Ophie
A Vegas hangover, plusplane turbulence, equals me reaching for my seat belt every ten seconds, contemplating if I need to make a run for the bathroom to puke my guts up.
I’m not sure how much of the nausea is from alcohol and how much is from the knowledge that, when this plane lands, the timer starts on getting my adult life together. In eight weeks, I’ll graduate with my master’s and run out of excuses not to decide what I want to be when I grow up.
I suppose twenty-six is pushing it, but really, my prefrontal cortex has only just finished cooking. I’m a baby adult who probably still needs adultier-adult supervision.
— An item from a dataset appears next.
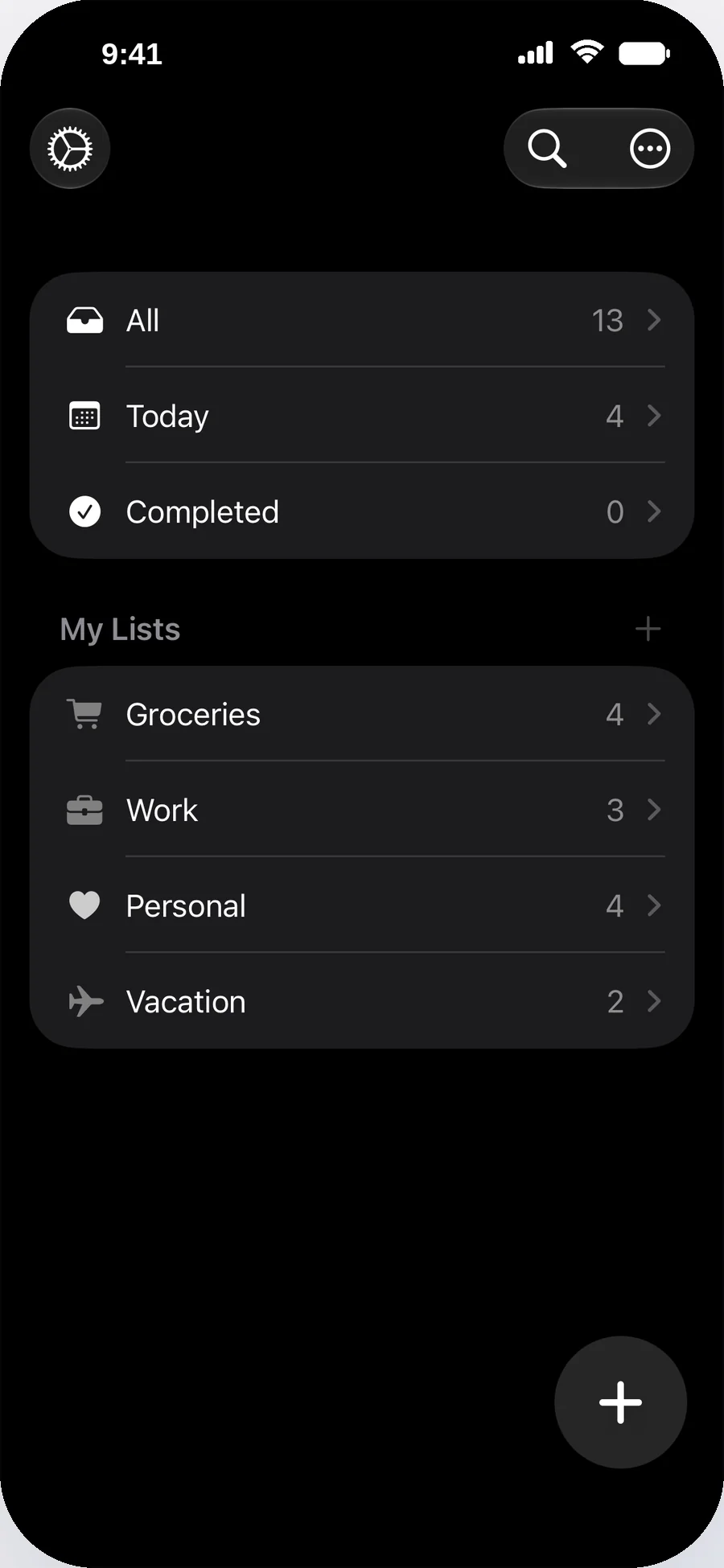 Clarent list overview in dark mode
I definitely needed it this week.
To my right, Sydney groans, just as hungover as I am. I wasn’t sure about having my future sister-in-law crash my last college spring break. But she needed a break from work, and I thoughtI needed a partner in non-crime. Joke’s on me—Sydney could drink a frat boy under the table.
How she managed to drink three of those foot-long margaritas while walking down the Strip without even a single stumble is still beyond me. I drank half of one and could barely keep my eyes from crossing.
“I am definitely going to puke when we get off this plane.”
Maybe Sydney isn’t as tough as I thought. Her moaned words give me hope that I’m not the least cool person in this group.
I am one hundred percent the least cool person on this trip, but at least I’m not the only one with a hangover from hell.
“Don’t be such babies,” Cassie says, reaching her fingers through the gap in our seats to poke my arm. “But if I ever suggest a Vegas trip again, I give you all permission to dunk my head in a toilet. Actually, I may do it myself so I can puke in peace.”
Beside her, her sister Heather and our friend Morgan groan in agreement from the row behind us. We wanted to combine successfully defending our theses, our last spring break of grad school, and Cassie’s bachelorette. Theoretically a great idea. However, based on our current state of being, twenty-six is too old for four straight days of debauchery in Sin City.
“Ach, man, my head feels like it weighs a hundred kilos,” my other seatmate groans from my left. Philip lets out a deep sigh as he rests his head on my shoulder. His South African accent soothes my frayed nerves, but his warm breath on my neck does nothing for the roiling in my stomach. Neither does the dim memory of two nights ago that I’ve been avoiding ever since it happened.
“I wish we’d had time for real coffee this morning. Whose idea was it to take such an early morning flight?” Sydney leans her head against the window and closes her eyes. “Wake me up if they come around for drinks.”
Blocking out the piercing overhead light, I close mine too, willing myself to lose consciousness. Anything to bring this trip to an end and let me go back to my nice, quiet life.
Correction: my quiet, lonely, anxiety-filled life.
“You smell lekker, Ophie,” Philip mutters. “Like flowers and…I don’t know.” His voice trails off as he nuzzles deeper into my neck. He is always this touchy, I remind myself. No one will suspect anything.
“Are you still drunk?” I whisper, praying that Sydney is asleep and not listening.
He lifts a hand, his thumb and pointer finger half an inch apart. “Little bit.”
“How drunk have you been this week? I thought…” I tip my head back, dislodging his from my shoulder. Panic joins the party in my intestinal tract, and I glance down at the seat’s back pocket, searching for a puke bag.
He rolls his head to the side to eye me. “Sober enough, yeah?”
Sober enough.
So was I.
Neither of us can use the excuse of being too drunk to remember sneaking away from our friends and showing up at the little chapel on the Strip.
Have I made the biggest mistake of my life?
Philip is still staring at me, his ocean blues disconcertingly close. Instead of answering his implied question, I flip my hood over my head and settle back into my seat, ignoring his adorably rumpled face and hair.
There’s shifting to either side of me as Philip lifts the armrest between us and Sydney adjusts her legs. Then my head is pulled down on his shoulder. “Have a nap, liefling. I’ll wake you just now.”
Blessed unconsciousness takes me as Philip’s cologne drifts into my nose.
I spend the two-and-a-half-hour flight home to Portland dozing against his shoulder—too tired to keep my eyes open but too awake to sleep deeply. Philip mutters Afrikaans nonsense above me. I have no idea what he’s saying, but the lilting words sound so close to English, it feels like Ishould. Fitting, really, that the blur of our Vegas trip stays surreal until the end.
Like it was all a lucid dream of drinking, dancing, eating, and lying by the pool.